Speaker
Description
First Name: Victoria
Last Name: Thompson
Affiliation: Northumbria University
All Authors: Victoria Thompson, Nathaniel Edward-Inatimi, Vasanth Anandan, Tristan Vergé, Stephanie Yardley, Adam Finley, Robert Wicks, Deborah Baker
Abstract: In recent years, Solar Orbiter (SO) and Parker Solar Probe (PSP) have provided critical measurements from the inner heliosphere, revealing small-scale variabilities of the solar wind that are often lost at large distances. These features of the solar wind are essential for tracing the solar wind to its origin regions.
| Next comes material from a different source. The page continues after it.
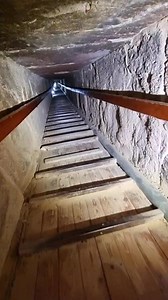 12K views · 479 reactions | Inside The Red Pyramid A The 1st Chamber (Part 1) * This is the Red Pyramid in Dahshur, Egypt.We are descending into the long deep corridor until we reach the 1st chamber. Part 2 coming soon... #spiritinstone #reels #red #pyramid #ancienthistory #ancient #egypt #megalithic #ancienttechnology #pyramidsofegypt #pyramids #losttechnology By: @SpiritinStone | EgypTours | Facebook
Connecting the in-situ measurements from SO and PSP, with their remote sensing observations and complementary spacecraft, is crucial to developing our understanding of the solar wind origins. This work utilised a unique data set from the Fast Wind Solar Orbiter Observing Plan in March/April 2025. During this period, SO, PSP and Earth encountered a fast wind stream from an extended Southern coronal hole and SO performed its first latitudinal scan of this feature. To connect the in-situ measurements from SO we used a heliospheric upwind extrapolation with time-dependence model (HUXt) in combination with the potential field source surface model to backmap SO’s positions to the solar surface. We identified a period with high probability of connectivity to the coronal hole leading edge and quantified the combined uncertainty in connectivity from these models. Analysis of remote sensing observations and the expansion of this region is shown in addition to complementary observations from Hinode, in which initial work indicates this to be a large upflow region.